### Exercise
In the entries below, find the line with "HKM Poloshirt Limone - Kurzarm - Damen" and the line with "Furla Mnv Black Purse / Handbag". Reproduce those two lines and every line between them exactly, and nothing more.

### Supplied data

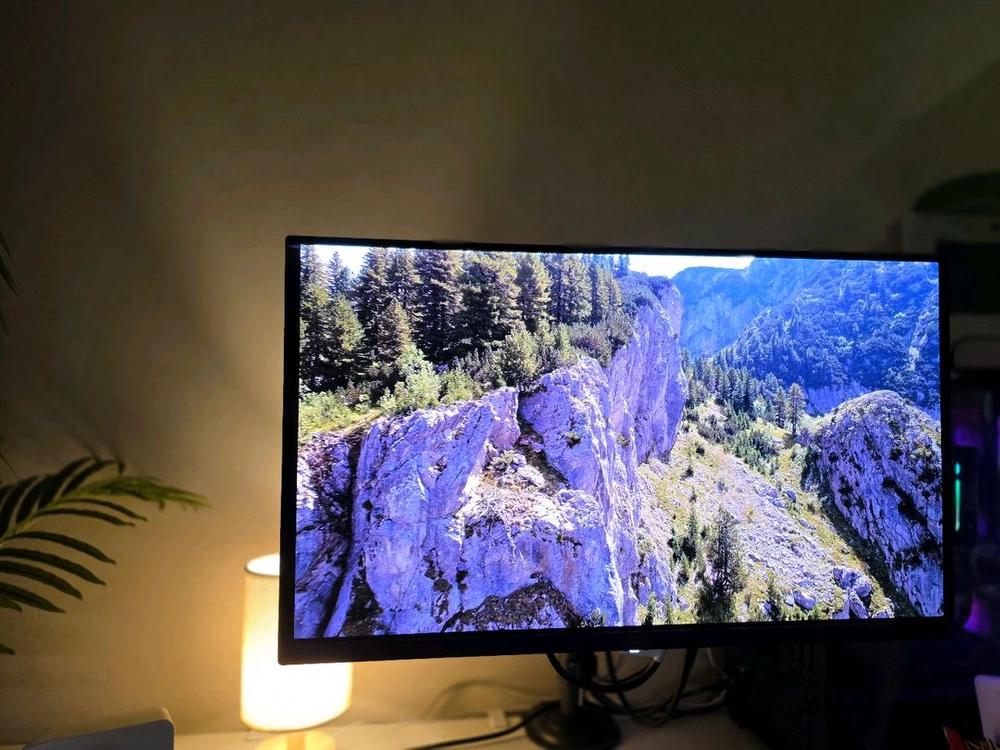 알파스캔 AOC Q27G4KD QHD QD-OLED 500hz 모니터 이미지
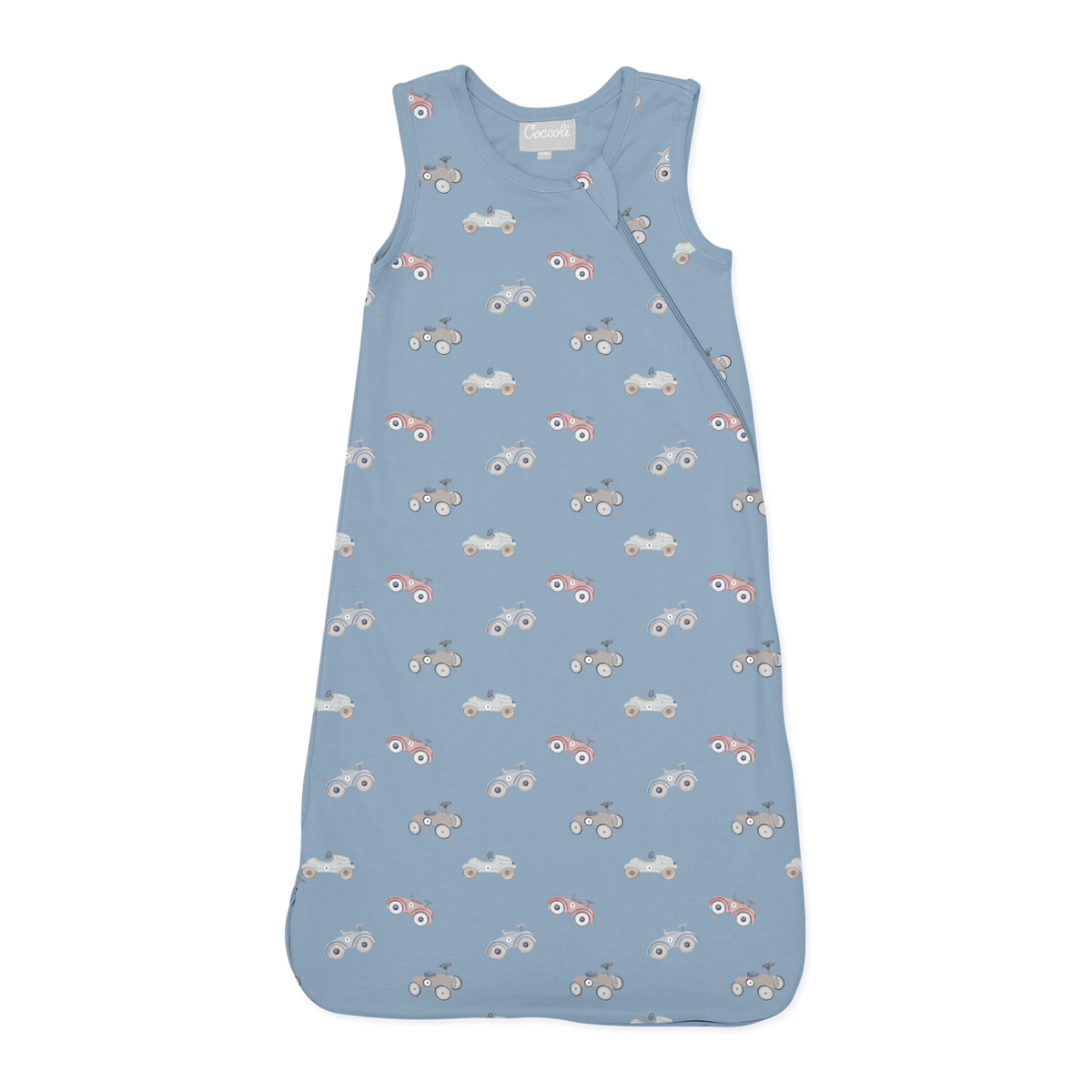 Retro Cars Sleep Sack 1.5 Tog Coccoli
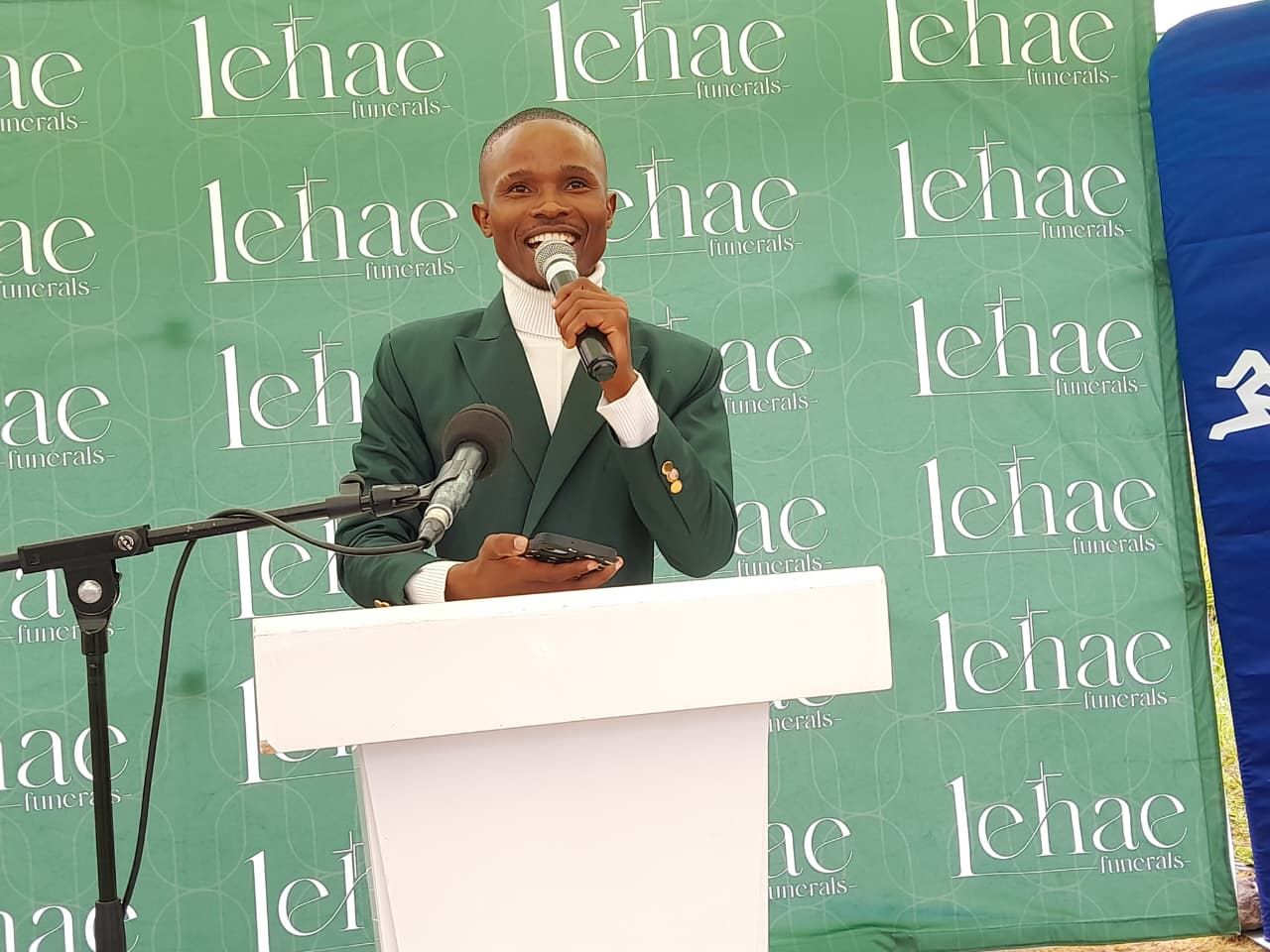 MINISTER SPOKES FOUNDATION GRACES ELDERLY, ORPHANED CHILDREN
---
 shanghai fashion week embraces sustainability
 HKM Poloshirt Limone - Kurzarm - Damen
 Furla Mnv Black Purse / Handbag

### Answer box
 HKM Poloshirt Limone - Kurzarm - Damen
 Furla Mnv Black Purse / Handbag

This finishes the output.